In fact, since the 1960s, Sri Aurobindo, Krishnamurti, D.T. Suzuki, Ram Dass and Chogyam Trungpa, among many others, were active participants in this latest movement to separate spirituality from the core of mainstream religion.  In the synthetic words of Ken Wilber, the term spirituality “combines today Eastern Awakening which brings out higher states of consciousness and Western Awakening which offers a psychodynamic approach and a psychology of development, each being a key component for a more integral spirituality.”

 

[1]  According to Harari Y.N.: Sapiens, a short history of humanity.

[2]  Wilber K.: Integral Spirituality, Integral Books, Boston 2007. The Integral Vision is a theological summation on human development and its spiritual dimension.

[3]   Or in Saint Paul’s formulation: ‘’All powers come from God’.

[4]’I believe in Spinoza’s God revealed in the harmony of all existant things, not in a God concerned by the destininy and cactions of humans.’’

[5]  It is to be noted that the Greek Epicure, and Lucrecia after him, had offered since 20 centuries a materialist and atomist reading of the world.

[6]  – Ken Wilber

[7]  We are mentioning 5 levels of development, but there are other psychological models of 8 or 12 levels. Yoga for example speaks of 7 Chakras. The point is not divisions and numbers but the inclusive progression of these states.

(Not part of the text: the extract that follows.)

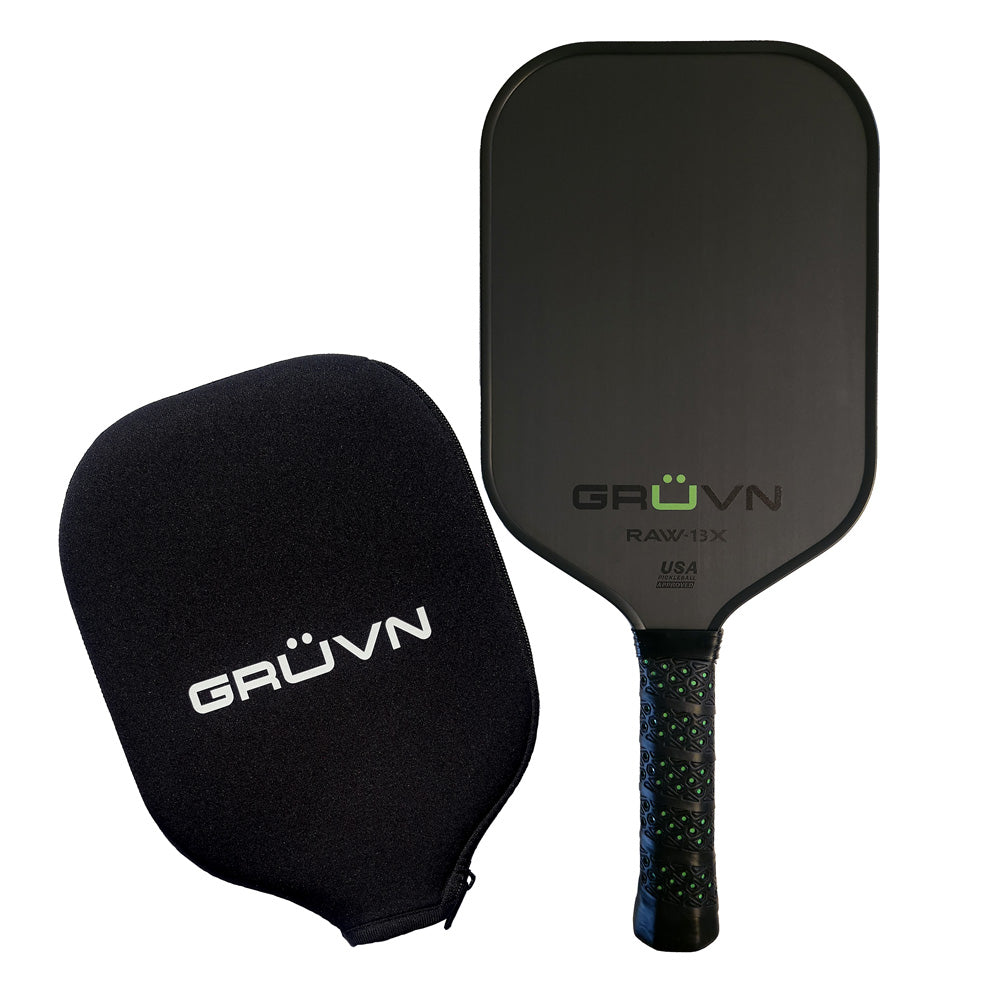 Carbon fiber pickleball paddle GRUVN RAW-13X 13mm green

[8]  See Appendix. There is much research and writings on these topics. One can check Matthieu Ricard’s research on meditators’ EKG in deep meditative absorption or the dialogue between the Dalaï Lama and neurobiologists in ‘Mind & Science’ series, for example.

[9] From ‘’us’’ (me and my family, my country, my people, etc.), this neologism is the level of “us all”, i.e., the experience of the common good of all beings and this experience is spiritual. See Wilber.